Homepage of Nir Shlezinger
I received my Ph.D. in Electrical Engineering from Ben-Gurion University in 2017, under the supervision of Dr. Ron Dabora. Prior to that I received my B.Sc. degree and my M.Sc. degree in 2011 and 2013, respectively, from Ben-Gurion University, all in Electrical Engineering.
From 2009 to 2013 I worked as an engineer at Yitran Communications.
- Wireless communications.
- Signal processing for communications.
- Information theory.
- Deep learning.
- Power line communications.
- Adaptive signal processing.
Quantization refers to the representation of a continuous-amplitude signal using a finite number of bits.

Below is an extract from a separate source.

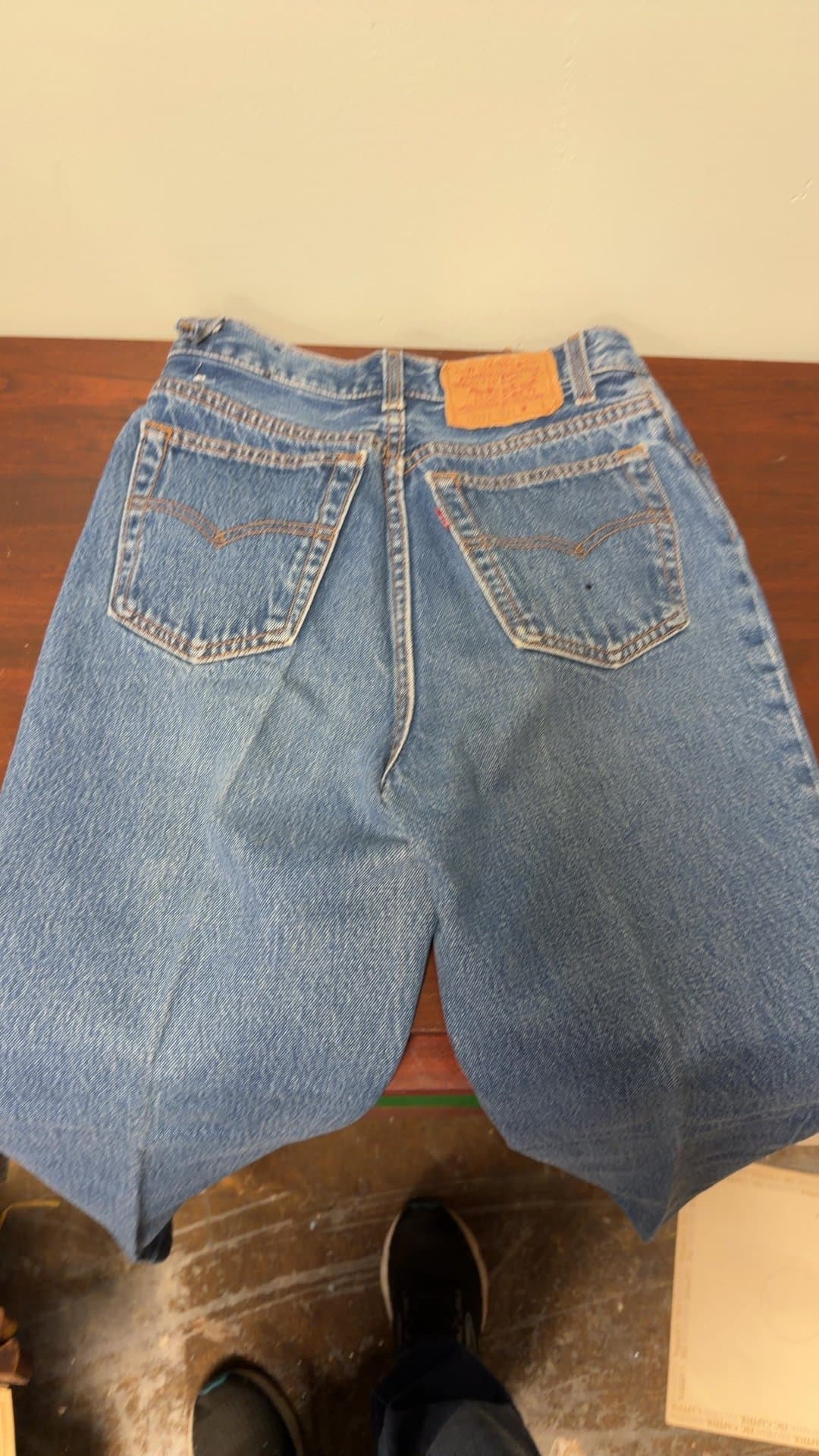 Vintage Levi's Denim Shorts - Image 1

Quantizers are typically designed to obtain an accurate digital representation of the input signal, while operating independently of the system task, and are commonly implemented using serial scalar analog-to-digital convertors (ADCs). In my work I study task-based quantization with serial scalar ADCs. This research combines lossy source coding and quantization theory with tools for handling the hardware limitations, including convex optimization and machine learning.
A video of my talk on task-based quantization from BIRS workshop (October 2018) can be found here.
Massive MIMO - From Theory to Practice
Massive MIMO systems are multi-user wireless networks in which the BS is equipped with an arbitrarily large number of antennas. While massive MIMO technology has the potential of increasing the spectral efficiency of wireless networks, using a large scale antenna array, and particularly, accurately quantizing the signal observed at the antennas, gives rise to various implementation challenges. Among these challenges are increased cost, high power consumption, and large memory usage. In my work I study massive MIMO systems, starting from the fundamental limits of such channels, computed assuming only standard power constraints, and proceeding to the realization of practical systems accounting for these constraints. This work uses tools from a broad range of research areas, including network information theory, random matrix theory, lossy source coding, and metamaterials analysis.